Yes, I know there is a difference in film/processing costs.
David A. Goldfarb
08-01-2009, 10:33 PM
I think that if you're comparing something like a Linhof 612 or Fotoman or something like that or even a 6x12cm Noblex to a wooden 5x7" camera or custom 5x10" or the more common (as far as esoteric formats go) 5x12", it's the film holders that are going to make the biggest difference in size/weight of the kit. Other advantages of dedicated 6x12cm cameras are that they are handholdable, so you can use them for different kinds of photographs, and 6x12cm negs fit in a 4x5" enlarger.
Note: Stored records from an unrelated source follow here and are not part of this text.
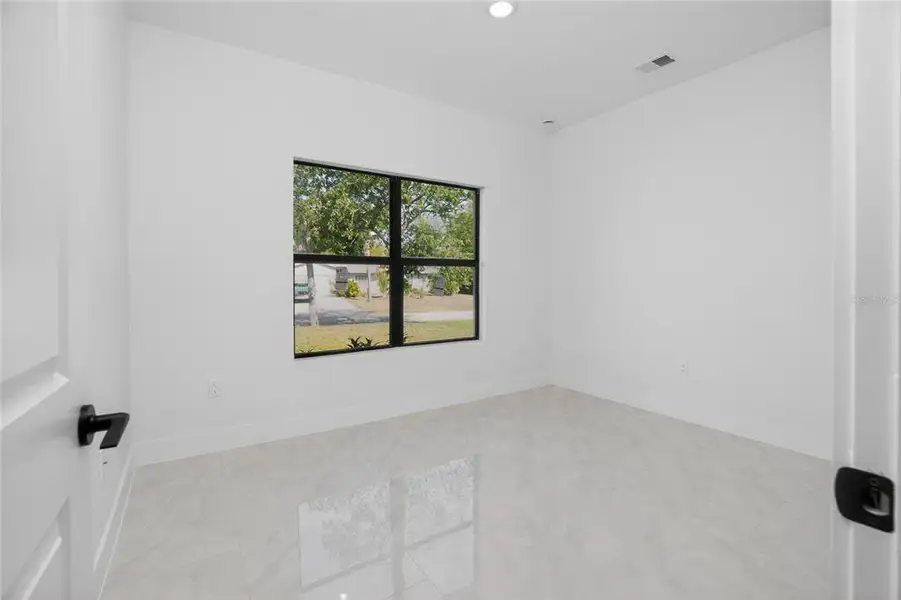 Spacious, unfurnished interior of a new home in , Port Charlotte (Image 52).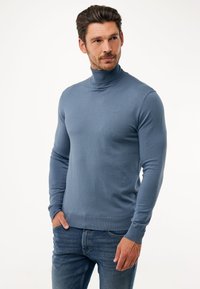 Přiléhavý svetřík s rolákem v jemně modré barvě, vyrobený z hladkého pleteného materiálu. Má dlouhé rukávy a decentní branding na hrudi. Kombinován s tmavými džíny.
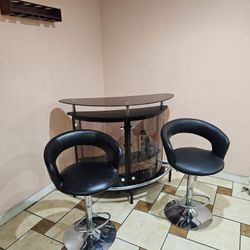 BAR GLASS 52" WIDE X 42" TALL WITH STOOLS SET,FOR SALE ALL TOGETHER CURVE BAR,LEATHER ADJUSTABLE STOOLS NICE AND CLEAN LUXURY DESIGN IF SOMEBODY INTER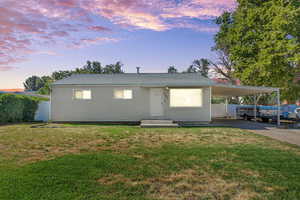Single story home featuring a carport, driveway, and roof with shingles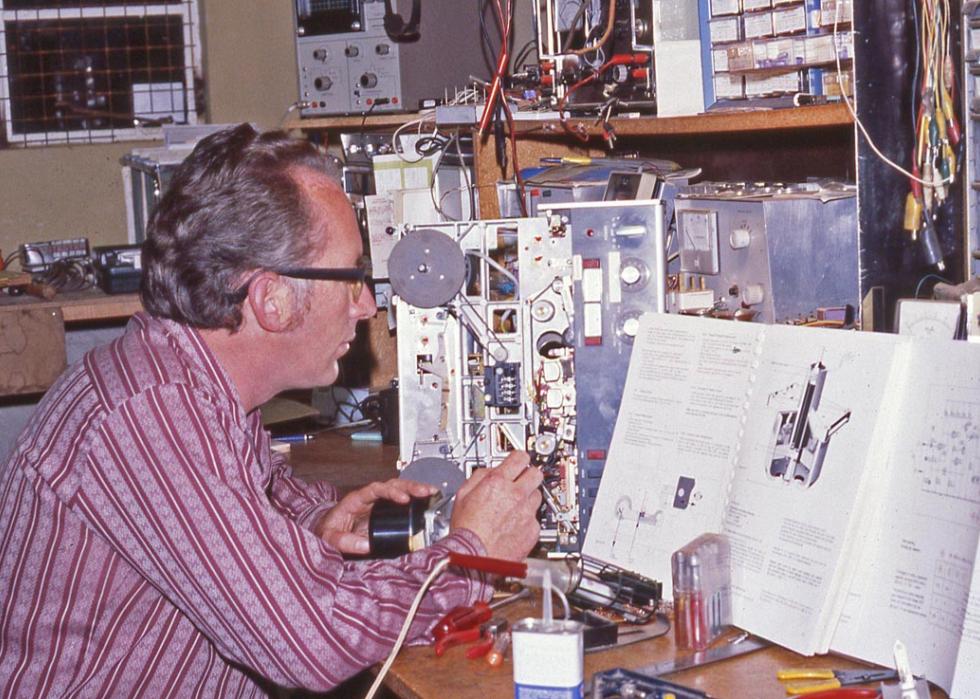 A man looking at an owners manual while trying to repair an electronic device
Of course, bigger neg has obvious advantages, depending on the means of enlargement that are available to you.
Another question you might consider is when it might make more sense to shoot 5x7" cropped to panoramic, rather than stitching two 5x7" images made with shift. If you're just stitching two images, it's not so difficult, but if the light is changing rapidly, the subtle difference between two shots you're attempting to stitch can be maddening.
08-01-2009, 11:47 PM
Some thoughts: a 6 x 12cm = 2 1/4 x 5 inch, so to get 5x10 inch you will need at least 5 6x12cm vertical photo's stitched together.
Then consider the weight-diference between a 4x5 and a 5x7 with reduction-back and the extra weight of a 5x7 lens compared to a 4x5 lens.
Electronicly stitching would be relative easy, the analoge way may be a bit more tricky.
On the other hand, why bother to go this way if you have 5x7 and can stitch 2 5x7 horizontaly together to a 5x10 ?????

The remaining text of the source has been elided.